DMAs¶
What is an AML DMA ?¶
In computer science, DMA (Direct Memory Access) is a hardware-accelerated method for moving data across memory regions without the intervention of a compute unit.
Similarly, in AML a DMA is the building block used to move data. Data is generally moved between two areas, between two virtual memory ranges represented by a pointer.
Data is moved from one layout to another. When performing a DMA operation, layout coordinates are walked element by element in post order and matched to translate source coordinates into destination coordinates.
Depending on the DMA implementation, this operation can be optimized or offloaded to a DMA accelerator. Data can thus be moved asynchronously by the DMA engine, e.g., pthreads on a CPU and CUDA streams on CUDA accelerators.
The API for using AML DMA is broken down into two levels.
The high-level API provides generic functions that can be applied on all DMAs. It also describes the general structure of a DMA for implementers.

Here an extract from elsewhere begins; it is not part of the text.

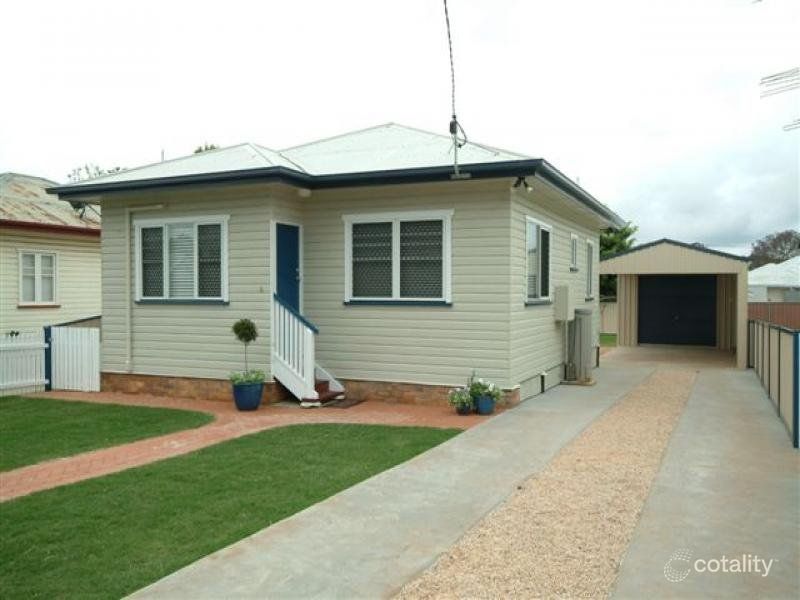 4 Newmarket St, Newtown, QLD 4350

Implementation-specific methods, constructors, and static DMAs declarations reside in the second level of headers <aml/dma/*.h>.

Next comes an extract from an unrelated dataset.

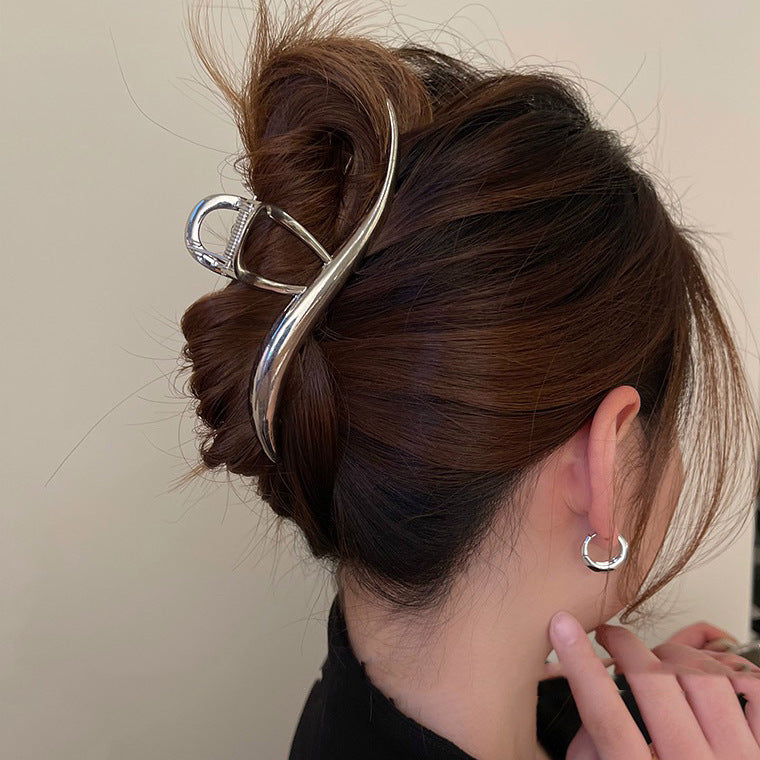 Oversized Pearl Wave Hair Accessory Headband for Women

Examples of AML DMA Use Cases¶
- Prefetching:
Writing an efficient matrix multiplication routine requires many architecture-specific optimizations such as vectorization and cache blocking. On hardware with software-managed side memory cache (e.g., MCDRAM on Intel Knights Landing), manual prefetch of blocks in the side cache helps improve performance for large problem sizes. AML DMA can help make the code more compact by abstracting asynchronous memory movements. Moreover, AML is also able to benefit from the prefetch time to reorganize data such that matrix multiplication on the prefetched blocks will be vectorized. See linked publication for more details.
- Replication:
Some applications will have a memory access pattern such that all threads will access same data in a read-only and latency-bound fashion. On NUMA computing systems, accessing distant memories will imply a penalty that results in an increased application execution time. In such a scenario (application + NUMA), replicating data on memories in order to avoid NUMA penalties can result in significant performance improvements. AML DMA is the building block to go when implementing simple interface for performing data replication. (This work has been accepted for publication to PHYSOR 2020 conference).
Usage¶
First, include the good headers.
#include <aml.h>
#include <aml/dma/linux-par.h> // one DMA implementation.
#include <aml/layout/dense.h> // one layout implementation.
First header contains DMA generic API and AML utils. Second header will help build a DMA-performing data transfer in the background with pthreads. Third header will help describe source and destination data to transfer.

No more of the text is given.